La fortuna e la sfortuna, infatti, sono solo una serie di coincidenze legate al caso e alla condizione in cui ci si trova. Mentre si torna a Castel Volturno, continuando a lavorare su addominali e resistenza con la mente sempre verso il bianconero, non bisogna dimenticare che il prossimo impegno si chiama Lecce. I pugliesi sono una nuova sessione d'esami contro le cosiddette piccole, che quando affrontano le cosiddette grandi riescono a far tremare anche gli squadroni. La differenza tra grande e piccola, non a caso, è fatta da piccoli ma decisivi dettagli: la mentalità vincente e la costanza di rendimento. Ragion per cui la classe degli allievi azzurri, sul manto verde di Caserta, dovranno ripassare i due teoremi con i tifosi partenopei che sperano vengano applicati alla perfezione nel corso dei novanta minuti di gioco. Il destino, però, ha sempre il senso dell'umorismo e non gradisce fornire sfide facili alle compagini di quello sport che da un secolo affascina tutti e si chiama calcio. Sono tanti, anche troppi, i giocatori non ancora al massimo della condizione atletica. A cominciare dal roccioso mediano Gargano, che per attaccamento alla maglia e orgoglio di guerriero ha stretto i denti contro la Juventus. Il male peggiore, in questo momento, è senza ombra di dubbio l'infortunio ad Edinson Cavani.

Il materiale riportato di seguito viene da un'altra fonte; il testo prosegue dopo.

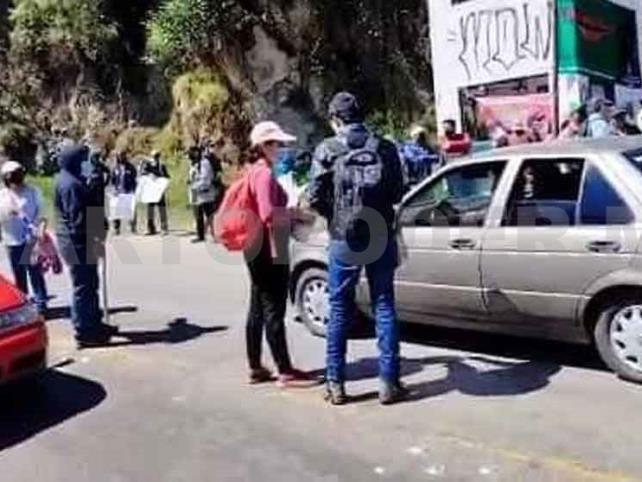 Realizan bloqueo en carretera San Cristóbal-Teopisca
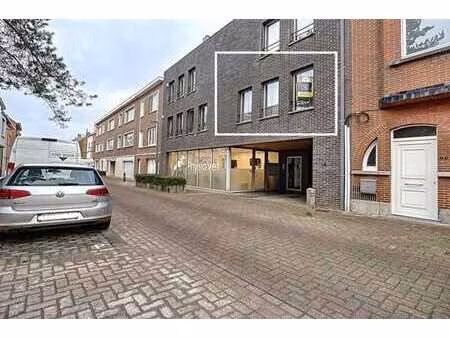 bel appartement de 2 chambres avec grande terrasse 24m²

Il Matador continua la sua partita contro il dolore, non è la prima volta e probabilmente non sarà l'ultima in stagione, ma la profonda ferita alla gamba arreca inevitabilmente profondi dubbi ad allenatore e tifosi. Nessuno vorrebbe mai perdere una macchina da gol come il sudamericano. E quì subentra un certo Goran Pandev. Nato sui campi macedoni e svezzato in Italia con esposione nella Lazio. Quel Pandev biancoceleste sembrava solo un lontano parente di quello che era entrato, all'ultimo istante dello scorso mercato, nelle fila del tecnico toscano. Sarà stata forse l'emozione della grande sfida, il ruggito del San Paolo o la voglia di tornare a gioire per il gol. Sta di fatto che adesso il Napoli può dire di aver comprato il vero Goran Pandev. Due reti a Gianluigi Buffon, doveroso aggiungere di pregevole fattura, sono una seria ipoteca per la scelta del prossimo titolare contro i giallorossi.


A un attaccante così è difficile negare il posto, ma continuando bene la stagione non è detto che Pandev debba essere necessariamente il vice Cavani. Prima di sognare un attacco stellare, con quattro tenori a suonare capolavori sportivi, bisogna attendere che la mannaia dell'infortunio si sazi di mietere calciatori napoletani. Intanto bisogna rammentare che non di solo campionato vive il Napoli che fa gonfiare di gioia il cuore dei partenopei. Dopo il Lecce c'è ancora la coppa infrasettimanale, quella che non tutte le grandi della serie A possono vantare o eventualmente rimpiangere. Mercoledì prossimo, al Madrigal, gli azzurri si giocheranno la qualificazione agli ottavi di Champions League con circa 2000 tifosi al seguito. Come è avvenuto in passato nel cantiere di Castelvolturno Mazzarri dovrà costruire altri siluri azzurri nella speranza che uno di loro riesca ad affondare, ancora una volta, il sottomarino giallo. Tra infortuni, appuntamenti e temibili avversari quello che non si fa scrupoli alla fine è uno solo. Il tempo che scorre e avvicina la prossima gara.